Olvidos, deudas y almas arruinadas se dan cita en un film más horrible por lo que deja entrever que por lo que muestra -Der Untier ("El monstruo"), era el título de rodaje; se puede adivinar incluso la misoginia del protagonista, hombre capaz de despertar pasiones en prácticamente todas las mujeres que vemos en escena, algo que puede sorprender si nos atenemos únicamente al físico poco agraciado del genio y obviamos el aura que dicen le rodeaba cuando entraba en un plató, aparte de la escasez varonil y el talento y situación privilegiada de un médico de su posición en la Hamburg de los bombardeos donde se sitúa el largo flashback explicativo-. Y lo hacen con suspense, rodeadas de sombras y pisadas inquietantes -la puerta acristalada, parcialmente clausurada con libros y pequeño mobiliario, que separa las habitaciones contiguas en el piso compartido del doctor es de una perversidad sublime-, de miradas desafiantes -la joven Hermann sabe su destino y le desafía y provoca con un último acto de éxtasis; la madre (Johanna Hofer), no hace preguntas, aunque la sospecha le ronde-, con una solidez imporpia en un debutante, tallando un cristal de brillo cegador.

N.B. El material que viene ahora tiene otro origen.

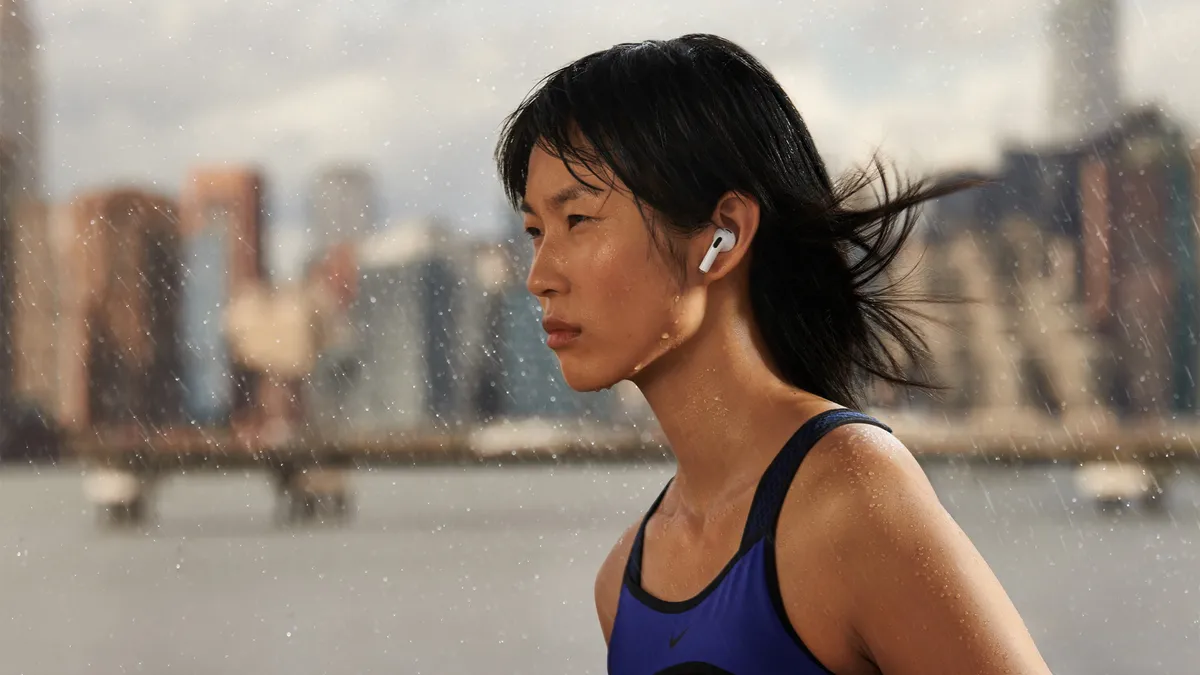 Mulher correndo enquanto usa AirPods 3ª geração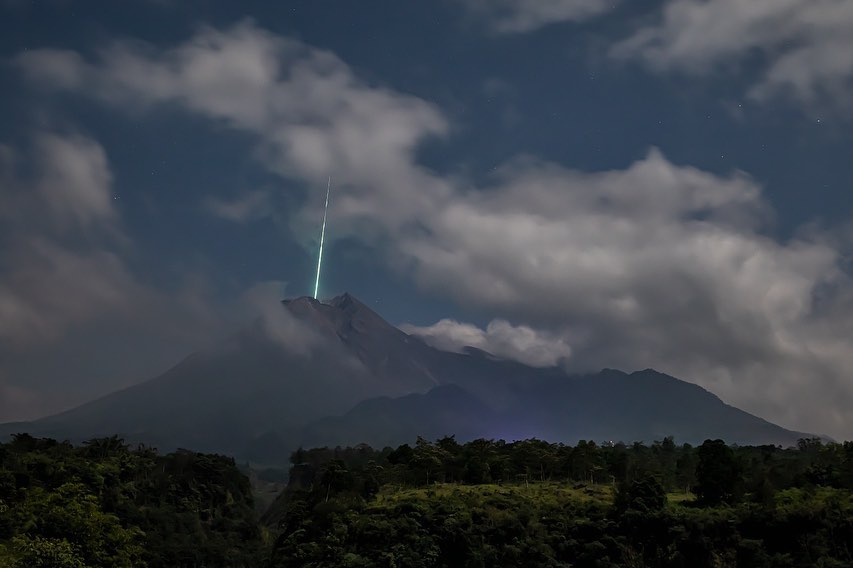 ¿La FOTO del año? Captan caída de un meteorito en el volcán más activo del mundo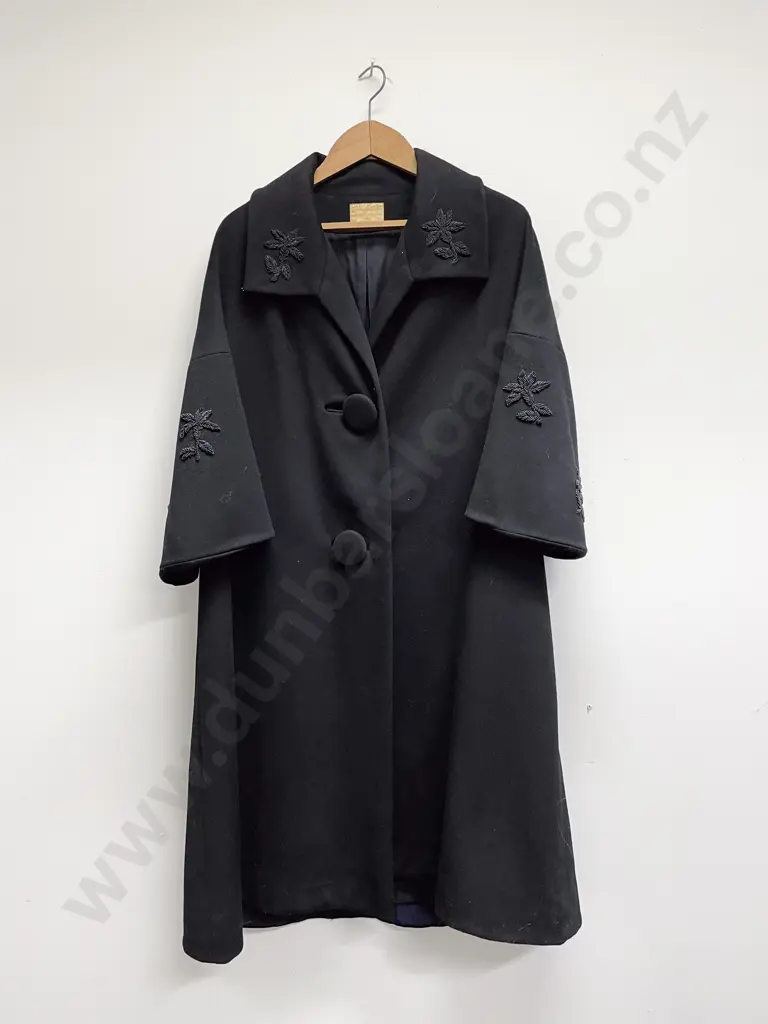 Vintage Chloe Petite Couture Designed and Created in NZ Coat Image 1++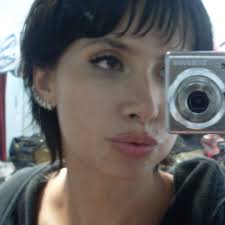 Stream the listening house by bente violet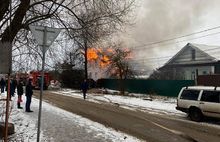 В Переславле полыхает двухэтажный жилой дом: видео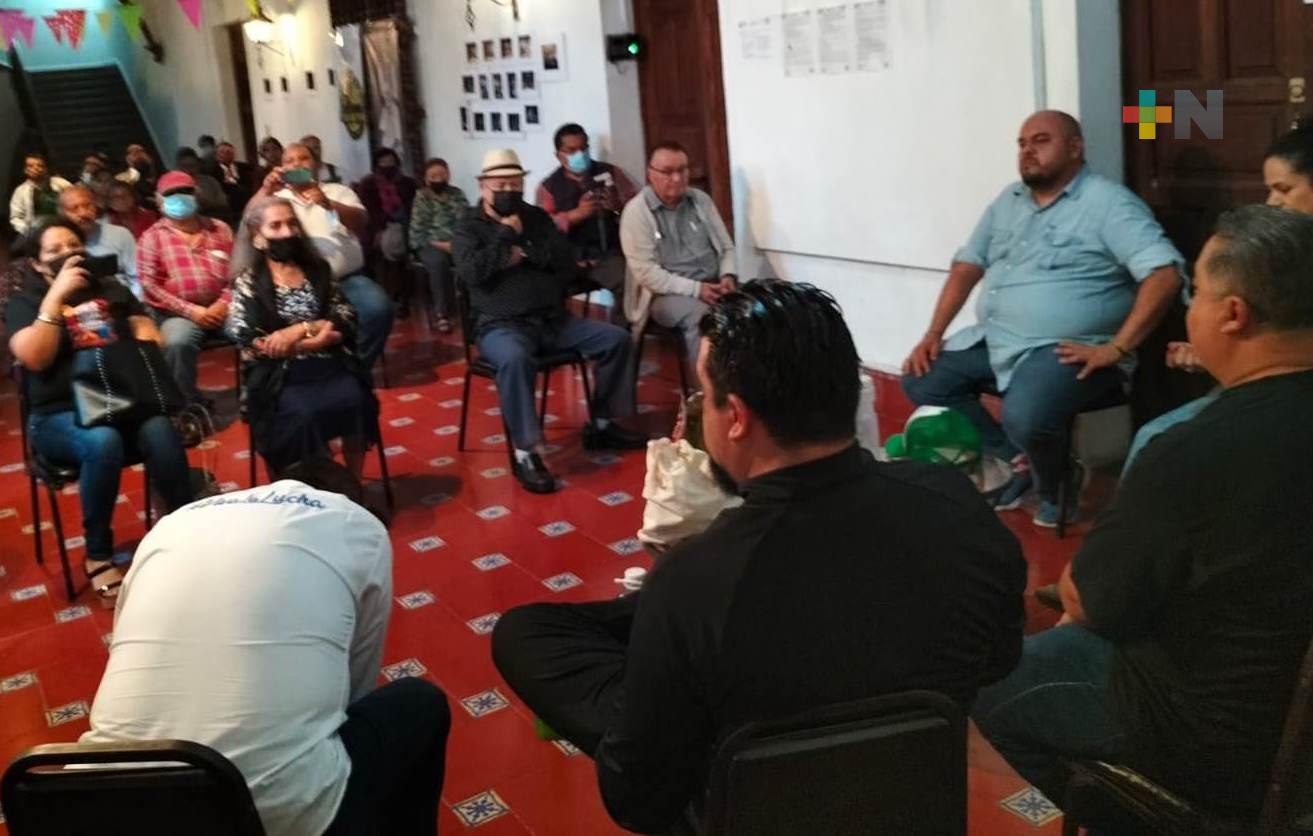 En Coatepec presentaron «Una Colección de Antología de la Lucha Libre»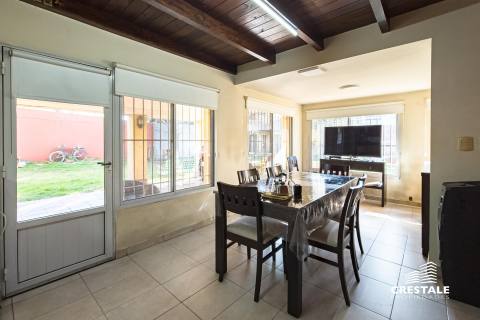 Casa 4 dormitorios en venta Fisherton - Venezuela 700 Bis, Rosario. CHO7015224 Crestale Propiedades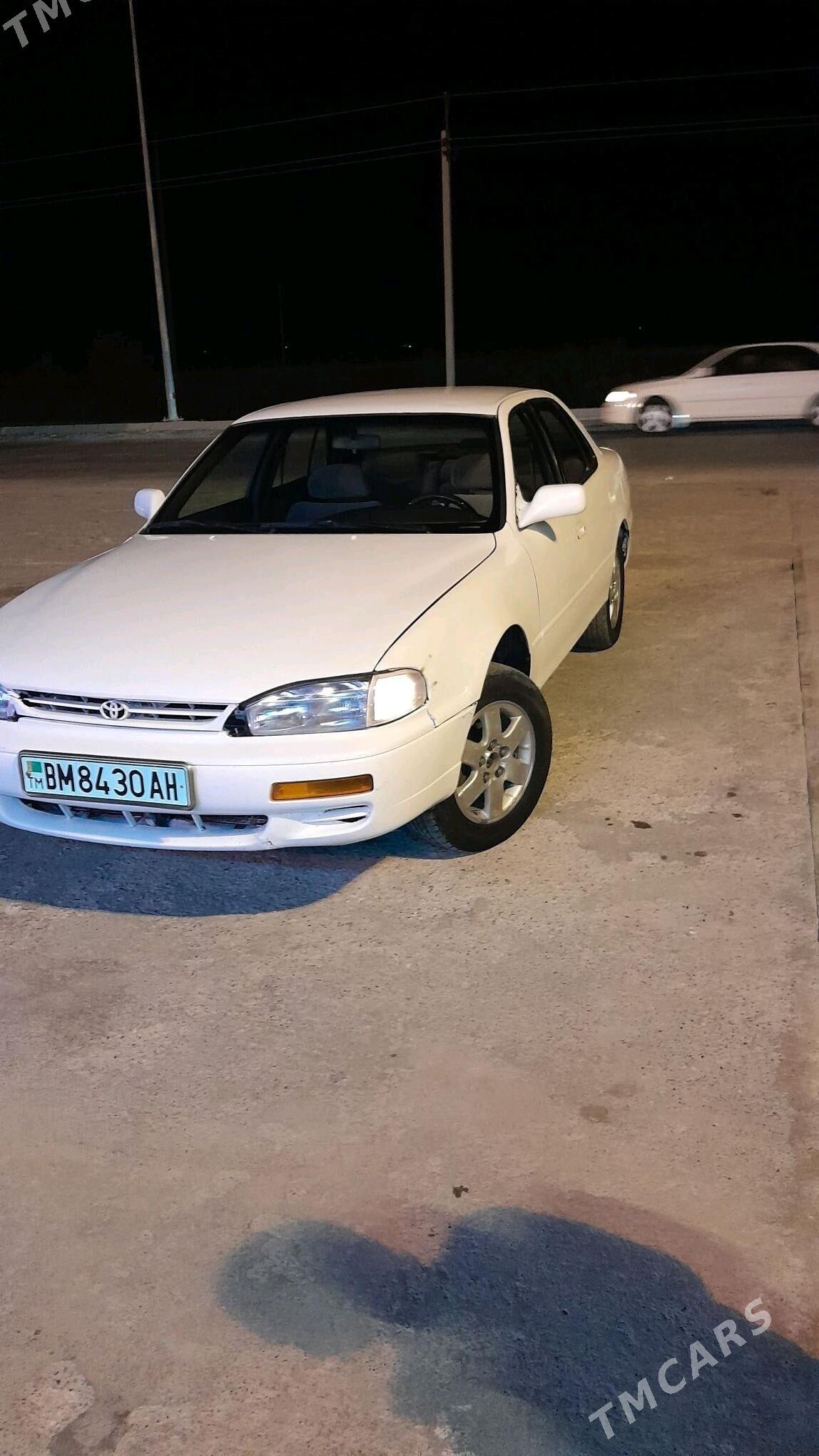 Toyota Camry 1995 - 80 000 TMT - Ýaşlyk - img 1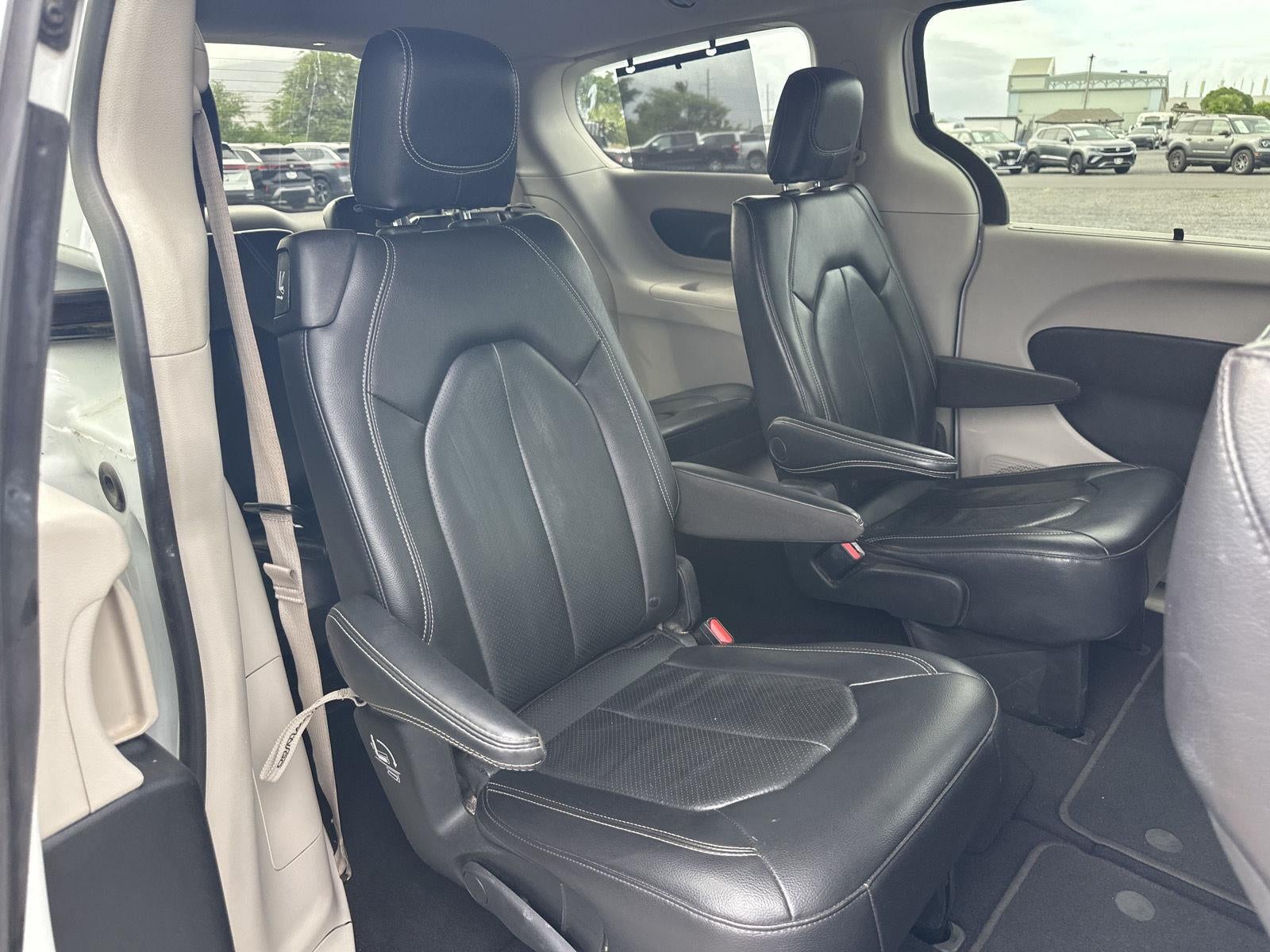 2022 Chrysler Pacifica Touring L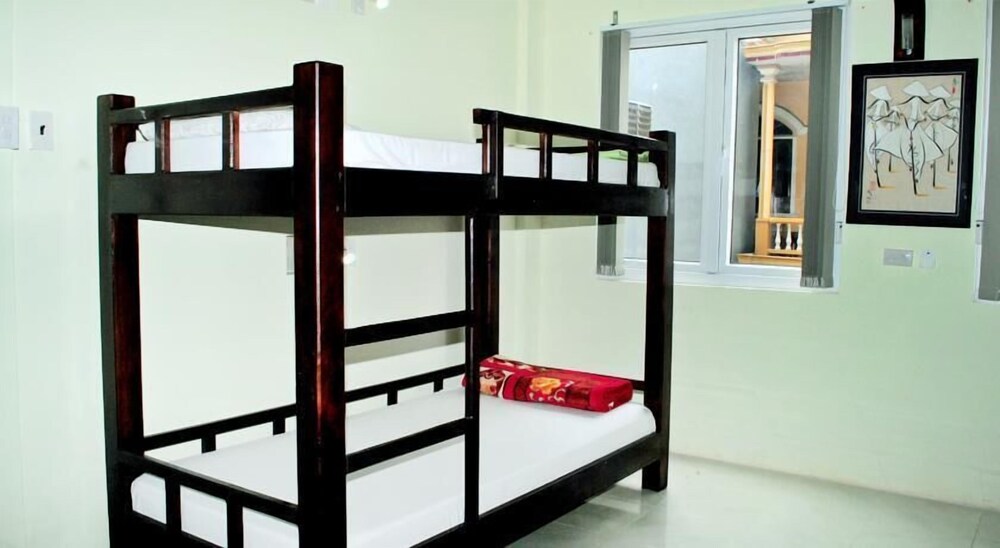 Ngoc Binh Hotel - last minute hotel in Hue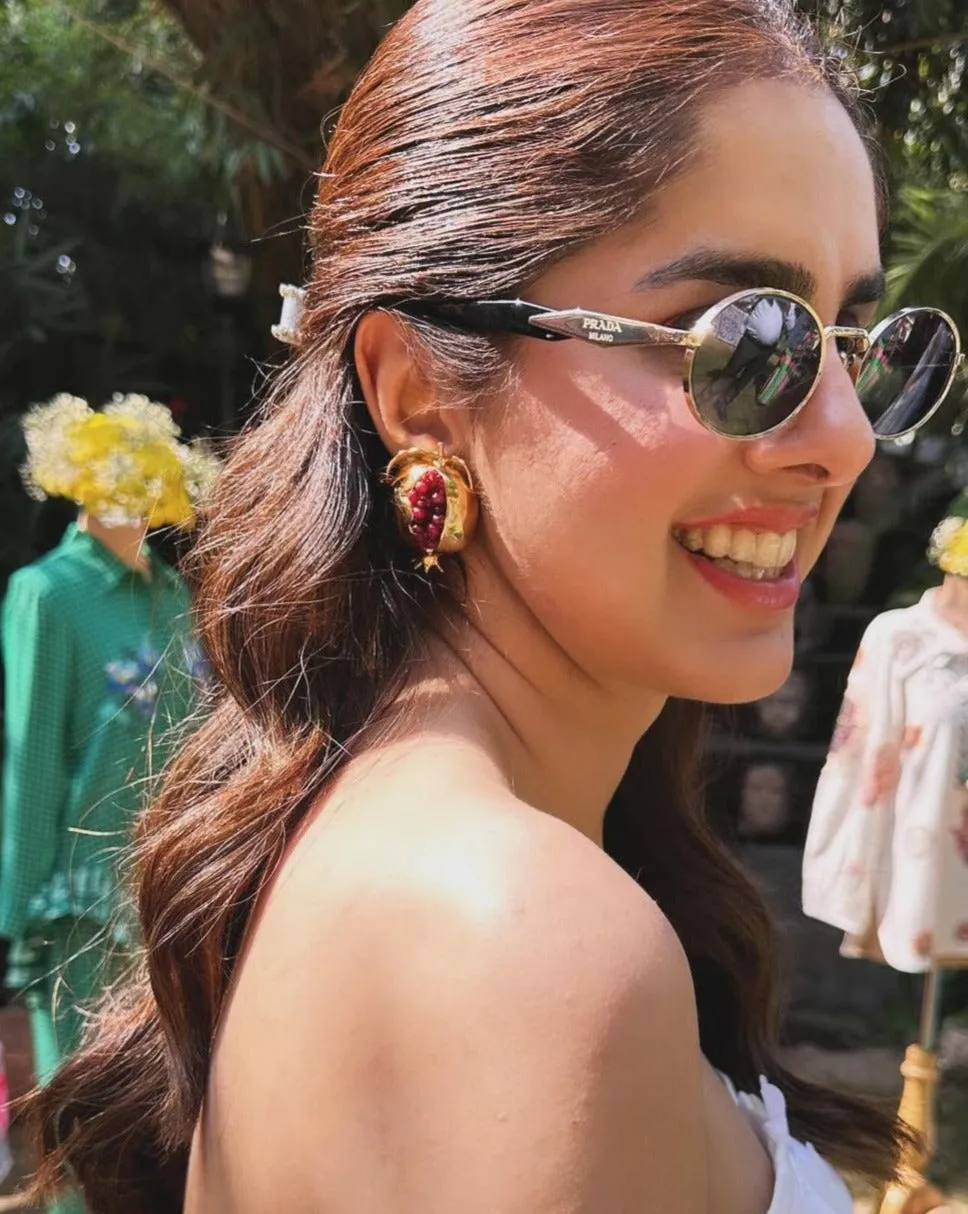 Pome Studs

Como judío que había huido a Hollywood vía Paris-London, donde entablaría una amistad profunda con uno de sus primeros maestros, Alfred Hitchcock -otra referencia aquí-, Lorre sabía del temor y la deuda de la que hablaba en Der Verlorene, pero no fue entendido así hasta décadas después: Der Verlerone era la recreación de un pasado febril y misterioso, un pacto permanente y fiable entre dos hombres que se cruzaron en mitad de una guerra, un contrato entre el gran Peter Lorre y el tiempo, el único que puede juzgar con justicia a una obra artística.
En el libro 1001 películas que hay que ver antes de morir (Editorial Grijalbo) no se detallan títulos de P. Lorre.